Image source: Google
Under the guise of my beloved grandmother, I began exploring the tarot; I so wanted to be like my mother and was confident that if I spent the time, the cards would soon speak to me like the leaf and mud, like the clouds.  Well... they didn't when they didn't I felt gutted. I could not for the life of me understand why and my grandmother, mother and older sister weren't permitted to tell me. I remember feeling deeply frustrated and irritated and when I voiced my feeling asking my grandmother why it was that she wouldn’t help me and why no one seemed to care that this was upsetting me…. All she said was “these are the old way”. This response was not well received by a hormone charged, suborn and temperamental teenager, in fact I remember thinking that if the “old ways” were a person, then I would very much like to punch said “old ways” in the face lol.

You see, in my tradition, divination is the journey of highest vibration, it comes from a divine source and as such it is the source that must guide, offering someone help in this area is forbidden as it is seen as interfering with the flow of the divine. And while the principals of tarot and the fools journey were explained to me in detail, the connection, the feeling, well that was up to me to both attain and decipher. “They will speak to you” said my mother, “you’ll see the message in your mind’s eye, and you may even here the whisper in your ear”.  Well needless to say, I didn’t.  

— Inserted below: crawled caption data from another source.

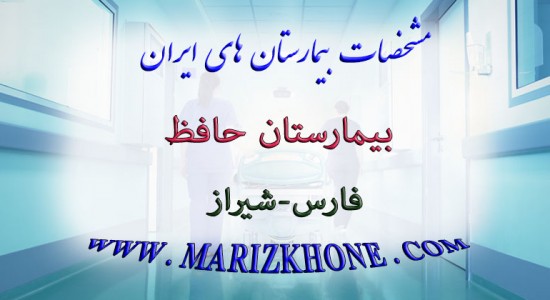 بيمارستان حافظ-فارس-شيراز -لیست بیمارستانهای استان فارس شیراز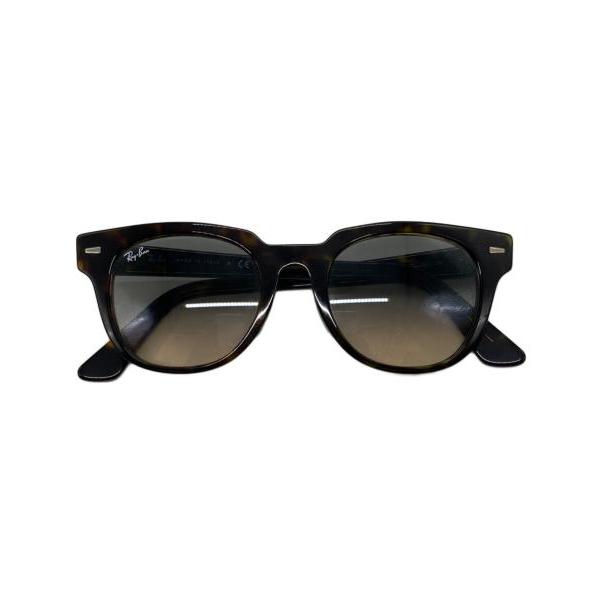 Used METEOR Sunglasses/Meteor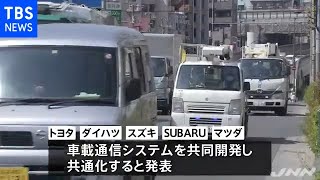 トヨタなど自動車メーカー５社 通信システムを共通化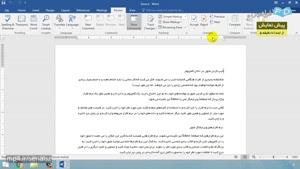 "آموزش نرم افزار Microsoft Word 2016 -درس 6: بازبینی و نهایی سازی "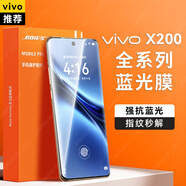 藍(lán)顏【秒貼特防摔】適用vivox200pro鋼化膜 x200pro手機(jī)膜全膠防窺水凝膜高清抗藍(lán)光指紋高鋁二強(qiáng)玻璃 護(hù)眼UV金剛膜【升級(jí)抗藍(lán)光】2片 VIVO X200定制丨貼壞用壞包賠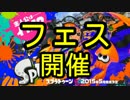 【Splatoon】慎重シューター！！　part10【フェス開催】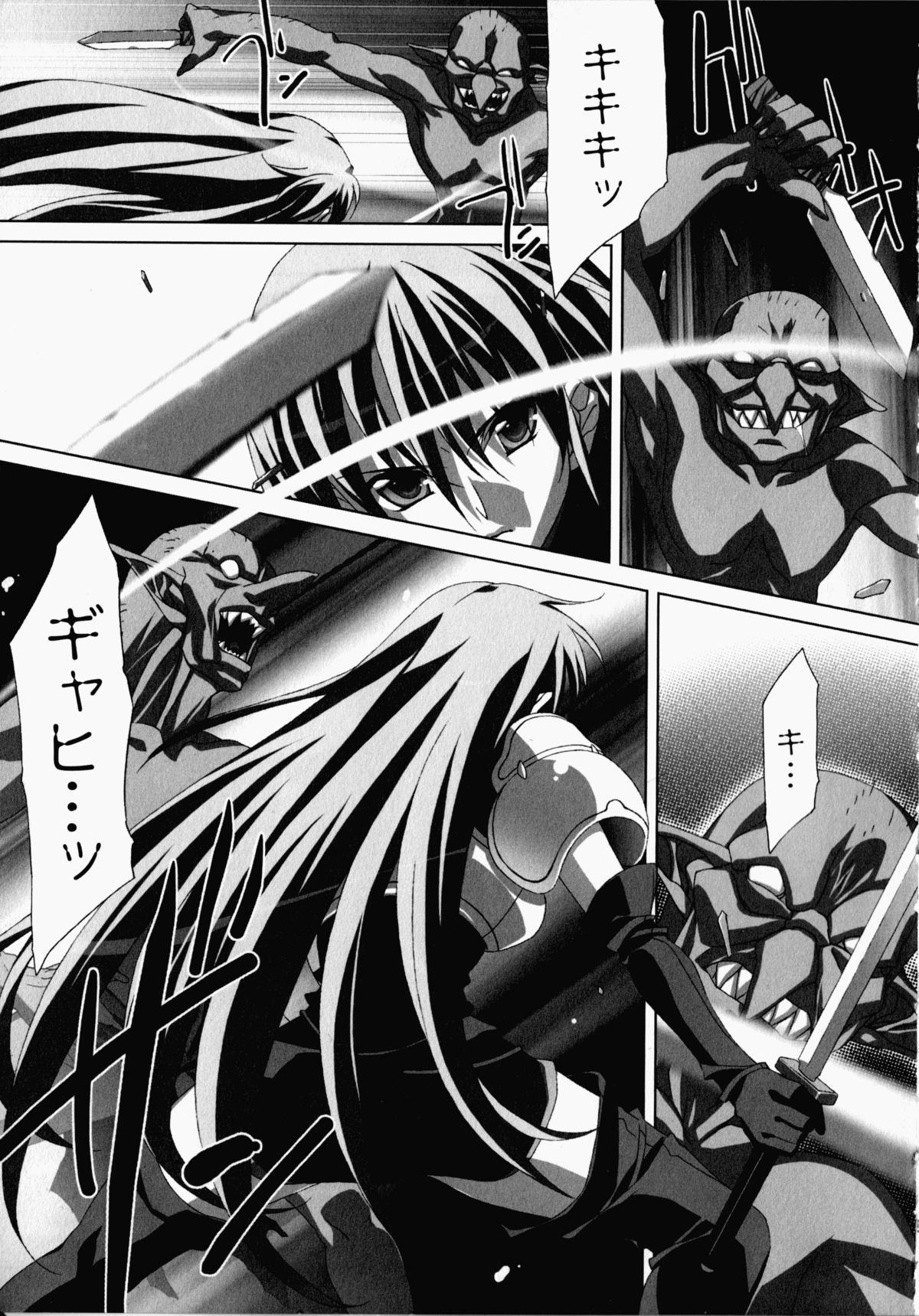Akashiki -The Type Red- page 8 full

In the end, it was my little sister who bought me the answer…. And answer wrapped in dark silk. It was the cards, the deck that I had been using; they were not speaking to me. They were not mine even though they were mine, our friendship had not properly formed because we didn’t really enjoy the others energy and in the end these cards went to someone else who uses them to this day.  


Image source: http://religions.unian.net/ukr/detail/13253
When I discuss this with others I’m comfortable speaking to about such things, I’m often asked if I have tried oracle cards. My answer is always “no, they are not for me” because I have always found oracle cards to be shallow when compared to tarot lacking both history and depth. And then 6 days ago, as I stood in my local new age shop, I picked up a deck of oracle called “The Golden Path”  and there it was, that feeling, a connectedness unlike any I had felt prior to any deck I had ever touched. It filled me with a warm comfortable feeling that was akin to trust, I felt my subtle body ripple, allowing them in so to speak, it was so strange, so welcome and yet I immediately put them back on the shelf out of pure stubbornness, truth be told I felt embarrassed to buy them, especially after holding such a negative opinion of oracle cards for so long. 

For the next week they haunted me, their image, that feeling so I went back to visit them again and still I left without buying them. And then, I had started dreaming about them so I went back a third time, this time with my father. I bought a little bronze statue of Venus of Willendorf and a tarot bag.  Whilst there I said hello to the deck of oracle and as I held them in my hand my dear old dad leaned over my shoulder and said “what have you got there”. I explained to him it was the deck that had been practically haunting me but that I didn’t like oracle cards and refused to buy them. I then paid for my goods and left the store to answer a phone call. When dad finally caught up with me a minute or two later, he handed me a package, it was the bloody oracle cards, I couldn’t believe it. I had to laugh, especially when he said “The art work really spoke to me, very beautiful” he continued. 

 And so began my induction into oracle cards and while they are entertaining me at the moment, my search for the deck of tarot truly meant for me continues. I have come close a few times; to this day I am unable to go as deep with my reading as my mother does with hers. I have a sneaking suspicion that the one deck meant for me is actually hers.